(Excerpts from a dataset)

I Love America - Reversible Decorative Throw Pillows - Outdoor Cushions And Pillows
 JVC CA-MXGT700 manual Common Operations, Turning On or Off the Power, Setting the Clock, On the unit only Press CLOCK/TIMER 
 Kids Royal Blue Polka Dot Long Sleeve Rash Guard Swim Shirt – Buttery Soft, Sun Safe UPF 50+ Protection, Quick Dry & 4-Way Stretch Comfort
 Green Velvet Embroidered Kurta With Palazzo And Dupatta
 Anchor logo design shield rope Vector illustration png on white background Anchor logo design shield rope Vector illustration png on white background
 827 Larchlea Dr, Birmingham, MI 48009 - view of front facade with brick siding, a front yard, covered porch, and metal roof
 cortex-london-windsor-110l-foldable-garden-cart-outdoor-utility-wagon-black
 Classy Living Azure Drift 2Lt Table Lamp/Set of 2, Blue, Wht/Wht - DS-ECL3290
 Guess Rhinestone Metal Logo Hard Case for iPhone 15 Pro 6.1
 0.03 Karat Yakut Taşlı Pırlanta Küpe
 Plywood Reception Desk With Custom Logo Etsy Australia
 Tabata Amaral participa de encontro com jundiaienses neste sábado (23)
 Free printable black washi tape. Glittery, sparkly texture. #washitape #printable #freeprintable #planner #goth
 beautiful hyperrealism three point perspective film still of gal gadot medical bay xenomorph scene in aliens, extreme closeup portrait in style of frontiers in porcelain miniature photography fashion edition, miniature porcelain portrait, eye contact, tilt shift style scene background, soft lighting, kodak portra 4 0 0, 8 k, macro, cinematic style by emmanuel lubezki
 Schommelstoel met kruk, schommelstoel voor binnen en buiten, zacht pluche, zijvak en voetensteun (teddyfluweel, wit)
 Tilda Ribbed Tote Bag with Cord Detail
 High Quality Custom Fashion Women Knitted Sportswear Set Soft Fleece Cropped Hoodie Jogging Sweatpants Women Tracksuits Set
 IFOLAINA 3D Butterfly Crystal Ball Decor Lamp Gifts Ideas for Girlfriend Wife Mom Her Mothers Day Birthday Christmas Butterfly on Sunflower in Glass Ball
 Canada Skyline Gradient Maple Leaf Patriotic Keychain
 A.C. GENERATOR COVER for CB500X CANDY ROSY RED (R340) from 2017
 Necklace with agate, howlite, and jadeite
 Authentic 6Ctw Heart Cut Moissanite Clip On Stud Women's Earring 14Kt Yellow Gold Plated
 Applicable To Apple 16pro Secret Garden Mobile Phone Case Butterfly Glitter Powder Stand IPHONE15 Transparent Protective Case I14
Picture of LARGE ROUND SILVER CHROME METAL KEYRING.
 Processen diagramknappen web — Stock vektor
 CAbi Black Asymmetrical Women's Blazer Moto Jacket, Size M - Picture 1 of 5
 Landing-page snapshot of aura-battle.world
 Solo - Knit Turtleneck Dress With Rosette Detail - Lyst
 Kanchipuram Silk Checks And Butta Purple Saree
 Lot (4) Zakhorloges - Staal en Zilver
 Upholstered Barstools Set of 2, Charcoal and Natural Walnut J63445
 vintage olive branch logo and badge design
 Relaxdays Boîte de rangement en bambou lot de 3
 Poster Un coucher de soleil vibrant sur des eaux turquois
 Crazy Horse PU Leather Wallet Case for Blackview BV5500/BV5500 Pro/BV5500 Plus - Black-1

→ **Aim of the task**: Starting at the first line of the records, print each line exactly, stopping after the line that contains "Green Velvet Embroidered".

→ **Answer to the problem**:
I Love America - Reversible Decorative Throw Pillows - Outdoor Cushions And Pillows
 JVC CA-MXGT700 manual Common Operations, Turning On or Off the Power, Setting the Clock, On the unit only Press CLOCK/TIMER 
 Kids Royal Blue Polka Dot Long Sleeve Rash Guard Swim Shirt – Buttery Soft, Sun Safe UPF 50+ Protection, Quick Dry & 4-Way Stretch Comfort
 Green Velvet Embroidered Kurta With Palazzo And Dupatta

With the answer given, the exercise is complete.